The abdominal muscles consist of three distinct layers residing within the abdominal wall and extend to the pubis, iliac crest, lower ribs, and vertebral column. The muscle fibers merge at the midline, surround the rectus abdominus, and join on the other side at a point known as the linea alba. The abdominal muscle fibers criss-cross each other for added strength, with the transverse abdominal muscle extending horizontally forward, and the internal and external obliques running upward and downward, respectively towards the front (shown below).

Muscles of the Abdomen

Rectus Abdominis

The muscles comprising the rectus abdominis are long and flat, with three tendinous intersections crossing over the muscle. As described above, the three muscles forming the lateral abdominal wall enclose the rectus abdominis in a sheath. The rectus abdominal muscles begin at the pubis bone, line the sides of the linea alba and attach to the lower ribs. The inguinal canal passes through the lower layers of the rectus abdominis muscles in the groin accommodate the attachment of the uterus in females and the dissention of the testes from the abdominal wall in males.
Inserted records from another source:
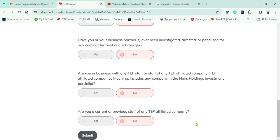That's the end of the application. I hit the Submit button.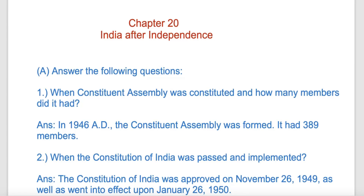Hello everyone, welcome to the session. This is Class 8, Punjab School Education Board, Social Studies, Chapter 20 - India after Independence.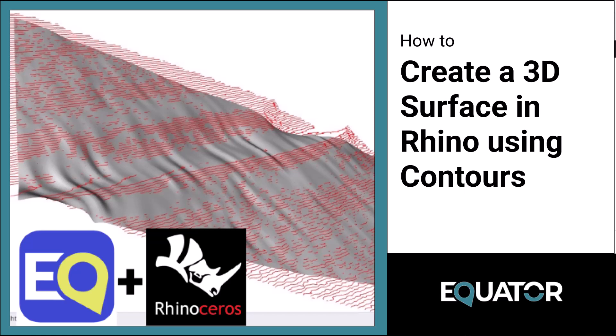Hello! In this tutorial, I'm going to show you how to create a 3D mesh surface in Rhino using contour data from an AutoCAD drawing file.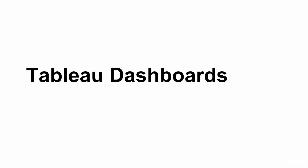In this lecture we're finally bringing together everything we have learned so far and we're going to be creating our first dashboard.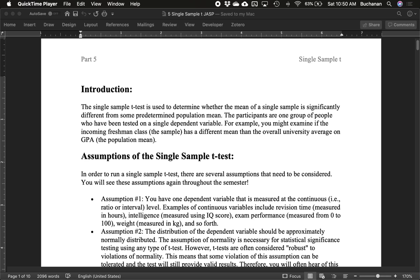Hey everybody and welcome back to our series on how to use JASP in an introductory statistics course. We're picking this back up at part five which covers single sample t-tests.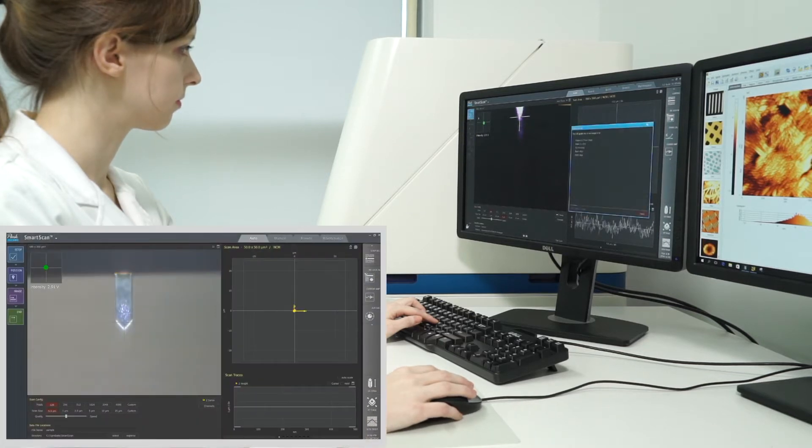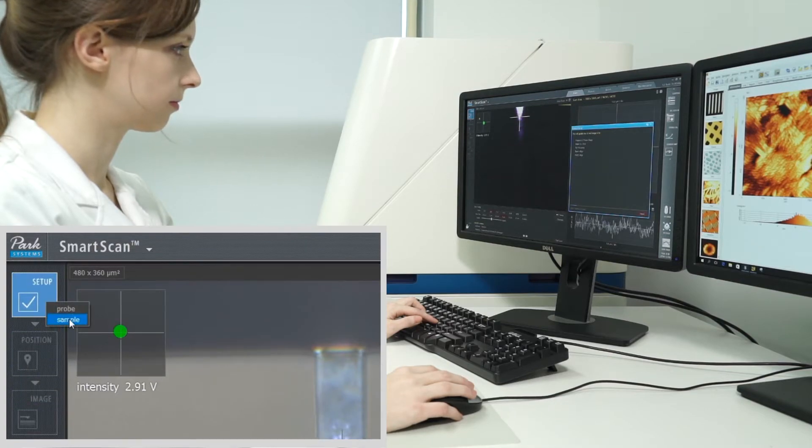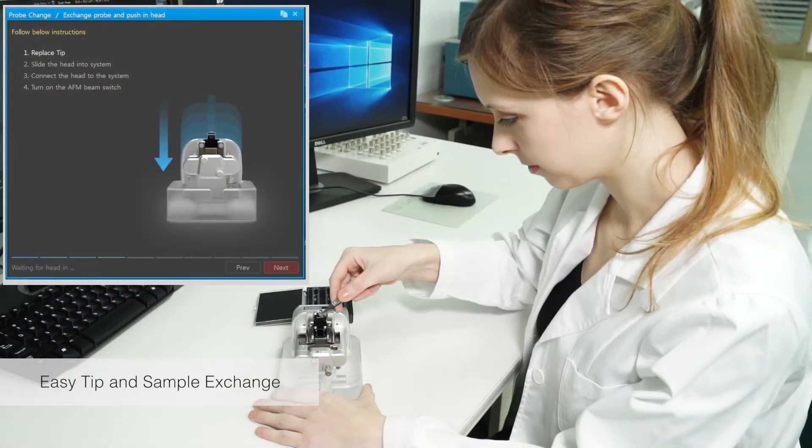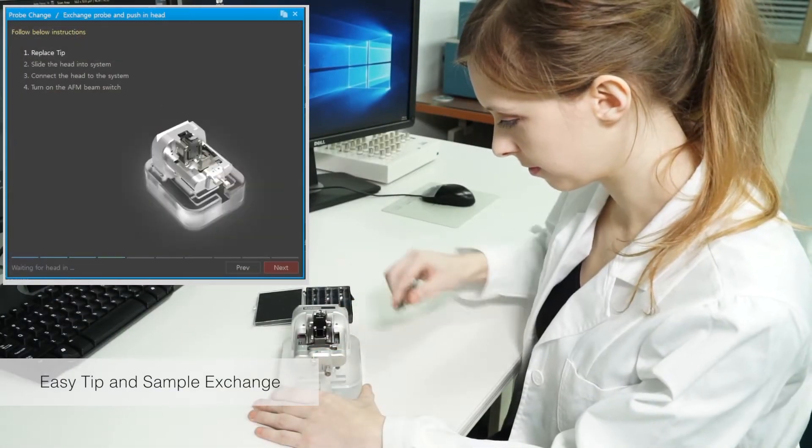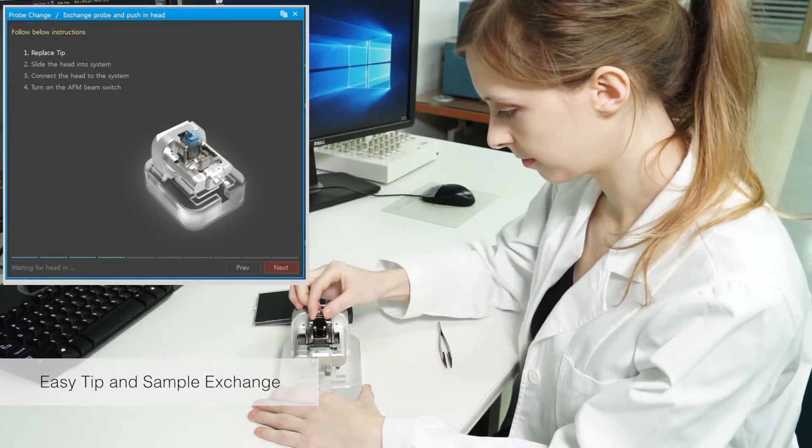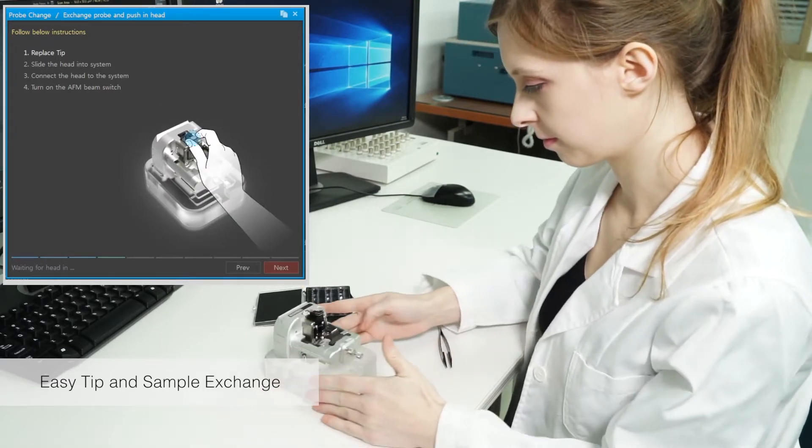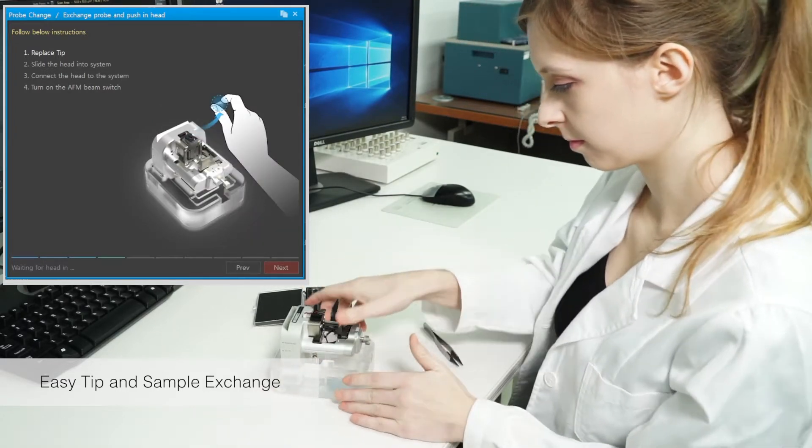First, let's start up ParkSmartScan and click on Setup. Follow the on-screen wizard's instructions to quickly complete the preparation for measuring a sample within a few minutes.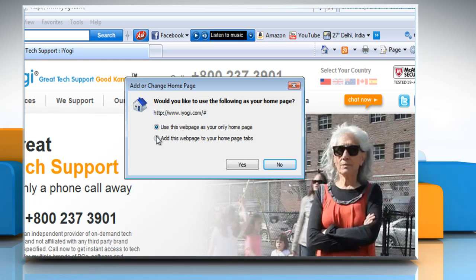Click add this webpage to your homepage tabs to start a homepage tab set or to add the current webpage to your set of homepage tabs. Click yes to save your changes.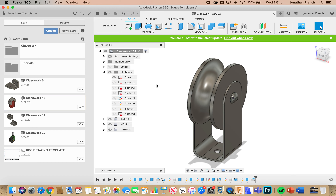In this tutorial we're going to go from our 3D model and create the detailed drawings of the wheel, yoke and axle on one drawing page, and we're going to create an assembly on the next drawing page.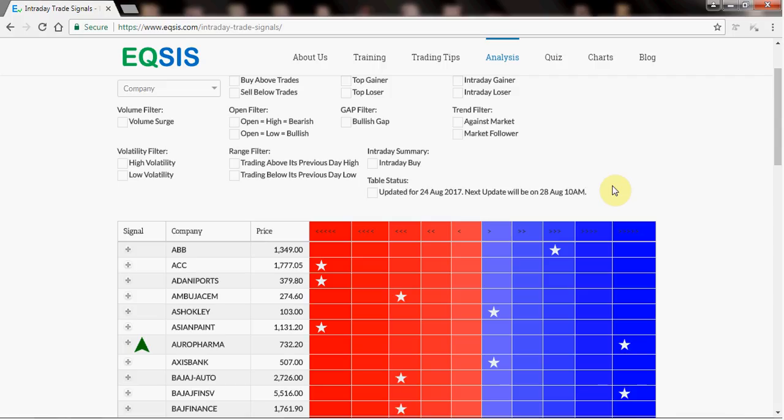I am Murugan, a SEBI registered investment analyst. Thanks for watching this video. I hope this video will help you identify stocks quickly for intraday trading.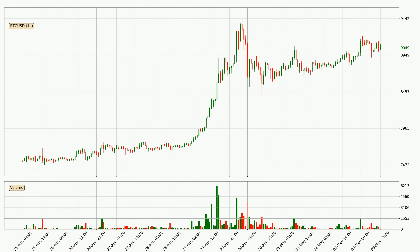Taking a look at the hourly time frame for Bitcoin, the price moved up around 2.1% in the last 24 hours, with a current price of $9,049. The volume wasn't especially high, so this move wasn't very strong.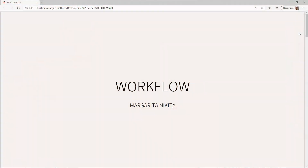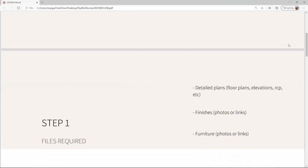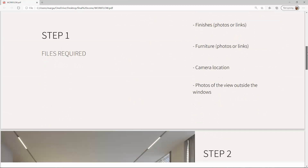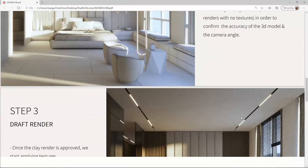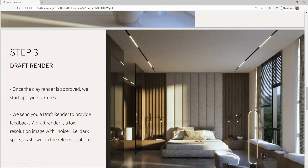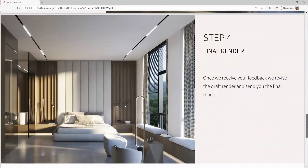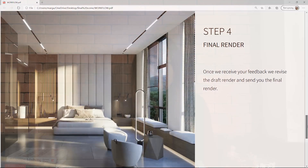I will show you the workflow I follow to create my renderings. To apply all of this, I have created a bedroom scene which you can download to follow the steps with me. Throughout the course, I also share with you the plugins I use and the websites I visit to download my 3D models and the textures I use in my scenes.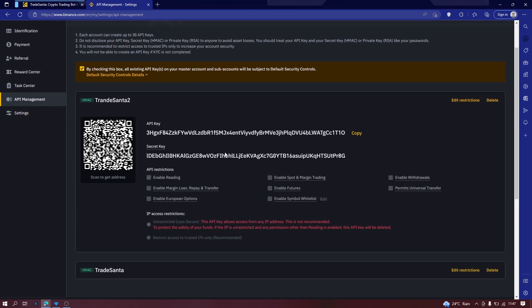Alright, so here we have the API key and the secret key. This is what we need to create, this is what we need for the trading bot back in TradeCenter or all the platform of your choice that you have used.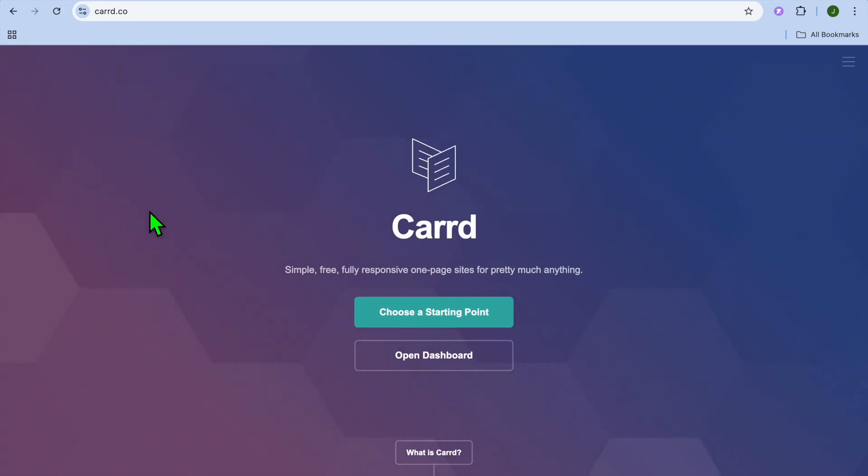Hello, hope you're doing good. In this tutorial, I'll be showing you how to use card website as a landing page.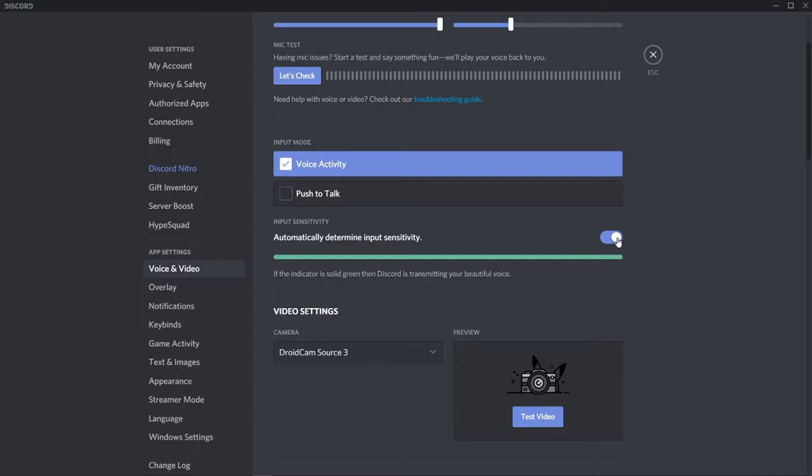What you need to do is uncheck this and you'll notice there'll be a slider here. When I'm talking, there'll be a grey bar that shoots up. This is obviously my voice.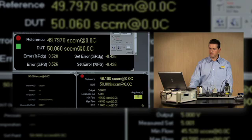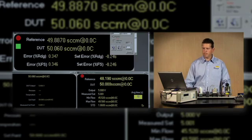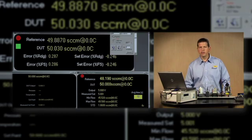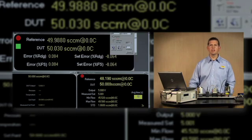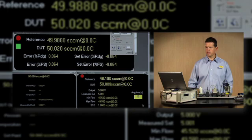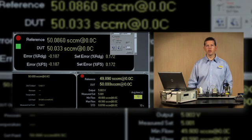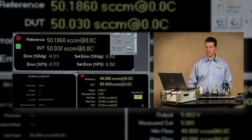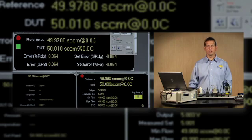After we're satisfied that we have all our adjustment points in tolerance, then we can go back to Compass and rerun our automated test like we did in the beginning and gather data to be sure that our as-left condition is in tolerance on the MFC.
Transverse Abdominal Muscle

The transverse abdominal muscle is a flat, triangular muscle composed of horizontal fibers that is situated between the internal oblique and transverse fascia. The transverse abdominal muscle attaches at the inner lip of the ilium, the lumbar fascia, and the inner surface of cartilage on the six lower ribs. The transverse abdominal muscle passes behind the rectus abdominis to meet the linea alba.

Pyramidalis Muscle

The pyramidalis muscle is a small, triangular-shaped muscle situated in front of the rectus abdominis in the lower portion of the abdomen. The pyramidalis muscle stretches from the pubic bone to the linea alba, joining before the umbilicus. The pyramidalis muscle functions to contract the linea alba (shown below).